Além do julgamento do TSE, do qual o governo espera sair vitorioso, há a denúncia do Ministério Público Federal (MPF) decorrente da delação premiada do dono da JBS, Joesley Batista. Mas, também nesse caso, o Planalto acredita que a situação é favorável e pode acabar inclusive ajudando no andamento da pauta econômica. Isso porque toda a base está sendo mobilizada, inclusive os partidos nanicos, para que o presidente consiga os 172 votos necessários para continuar no cargo.

— Há uma má vontade muito grande dos parlamentares com o Ministério Público e a Polícia Federal, e o troco será tocar a agenda para mostrar que eles não estão parando o país — disse um interlocutor do governo, acrescentando que a prisão do deputado Celso Jacob (PMDB-RJ), esta semana, dentro de um avião, foi vista como uma provocação e um exagero.

— Se Temer não tiver nem isso (172 votos), seria melhor renunciar. Ele ainda tem 250 votos de base — disse um aliado.

SARNEY TEM SE ENCONTRADO COM TEMER

Apesar de contar com uma vitória no TSE, Temer e os caciques do PMDB acreditam poder ganhar pelo menos quatro meses com recursos junto à Corte e ao Supremo Tribunal Federal (STF). O presidente também confia em sua permanência pela falta de um substituto. Caso ele seja afastado, haveria uma eleição indireta no Congresso. Os deputados querem um nome da Câmara, como Rodrigo Maia, mas o Senado não escolheria um deputado. Além disso, caberia a Eunício definir as regras em caso de eleição indireta, mais um ponto a favor do grupo que controla o governo, que é o PMDB do ex-presidente José Sarney, que tem se encontrado com Temer e operado nos bastidores.

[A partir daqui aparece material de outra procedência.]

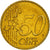 Pays-Bas, 50 Euro Cent, 2003, SPL, Laiton, KM:239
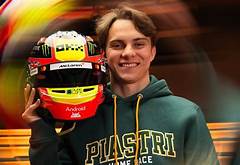 Oscar Piastri Net Worth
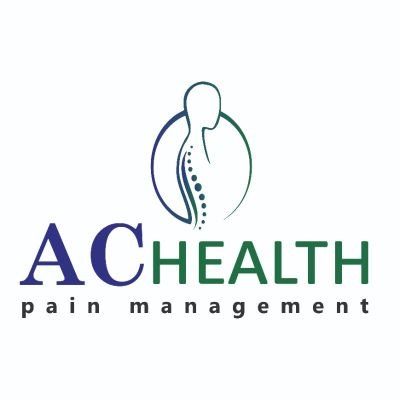 AC Health - Compassionate care for your pain relief.

Comprehensive, evidence-based pain management for lasting relief.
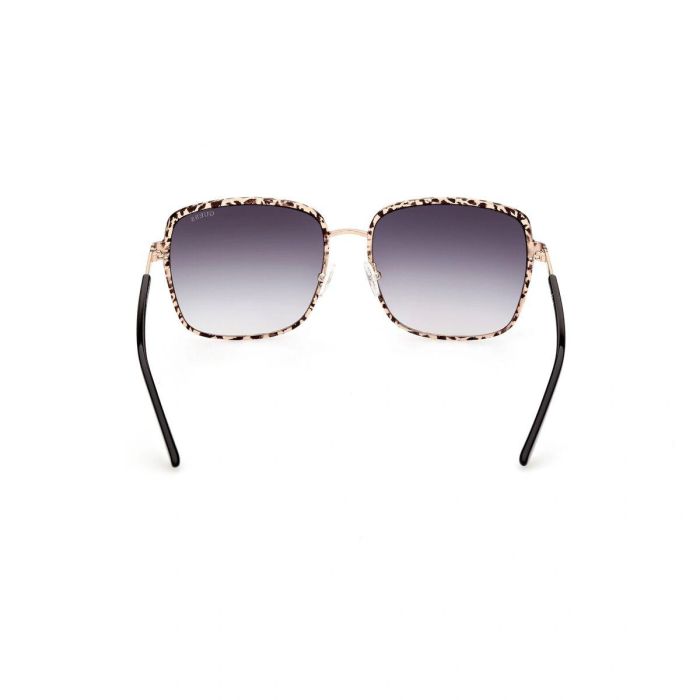 Gafas de Sol Infantiles Guess GU7846 ROSE GOLD 1 Gafas de Sol Infantiles Guess GU7846 ROSE GOLD 1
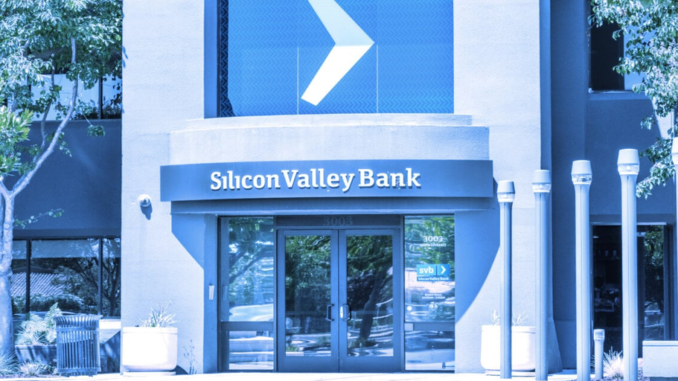 California Financial Regulator Shutters Silicon Valley Bank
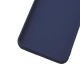 Θήκη Soft TPU inos Xiaomi Redmi A1/ A2 S-Cover Μπλε Θήκη Soft TPU inos Xiaomi Redmi A1/ A2 S-Cover Μπλε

Na agenda microeconômica, entre as medidas que os aliados do presidente querem tirar do papel para criar uma agenda positiva, estão a correção da tabela do Imposto de Renda das pessoas físicas a partir de 2018, ajustes na área de habitação e estímulos ao programa de concessões. Ainda está nos planos do governo a criação de um aluguel social. As empresas construiriam imóveis para a população de baixa renda, e o governo arcaria com o aluguel por um prazo de 30 anos.

Outra ação, ainda em estudo, na área habitacional envolve o distrato — quando o comprador desiste da compra de um imóvel e quer parte dos recursos de volta. Hoje, há controvérsia em relação aos valores a serem devolvidos. Entidades de defesa do consumidor querem que o critério se baseie no montante já pago, mas as empresas acham que a base de cálculo deve ser o valor do imóvel.

Na área de concessões, a ideia é que o governo federal ajude estados e municípios a modelarem projetos de infraestrutura (mobilidade urbana e iluminação pública, por exemplo). Bancos como Caixa e Banco do Brasil entrariam no financiamento.

O economista-chefe da MB Associados, Sergio Vale, porém, teme que o governo decida abrir um “saco de bondades” em ano pré-eleitoral:

— Só que, desta vez, acho difícil a equipe econômica aceitar.